Este año me hace más falta de lo habitual largarme (a mi sillón, con un cenicero y un trago), ya que últimamente me noto cosificado. Ojo, que eso de sentirse cosificadas no es sólo una desgracia de chicas; a mí el calor me cosifica muchísimo, me reduce al cuerpo y nada más, con la vergüenza que da arrastrarlo de aquí para allá. Y si el calor cosifica, la vejez más aún. En los viejos todo es cuerpo, todo el mundo se interesa únicamente por su cuerpo, que si la tensión, que si los triglicéridos, que si el colesterol, que si ese lunar que tienes junto a la ceja, que si te veo bastante bien para tu edad… Mi doctora, que es la mejor doctora del mundo, me vigila y escruta el cuerpo como si fuese una tacita de la dinastía Ming, muy quebradiza, y sólo cuando se convence de que no voy a reventar en mil pedazos por el momento, repara en mis posibles dotes intelectuales.

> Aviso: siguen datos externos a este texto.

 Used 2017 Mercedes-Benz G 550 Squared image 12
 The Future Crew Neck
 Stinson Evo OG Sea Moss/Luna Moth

No me cosifiquen tanto, dan ganas de decir. Pero sería una grosería, porque cualquier anciano sabe perfectamente, mucho mejor que una chica, que lo único interesante que le queda es el cuerpo, ahí resistiendo contra todo pronóstico. No tengo quejas del mío, pero cuando se convierte en lo único importante, necesito vacaciones. ¿Para descosificarme? No, eso es imposible. Para cosificarme yo mismo, por voluntad propia, sin intromisiones ajenas, sin observadores indeseados. Para dejar el cuerpo (la cosa) en un lugar fresco y cómodo, como si fuera una vasija de porcelana. Hasta luego, si Dios quiere.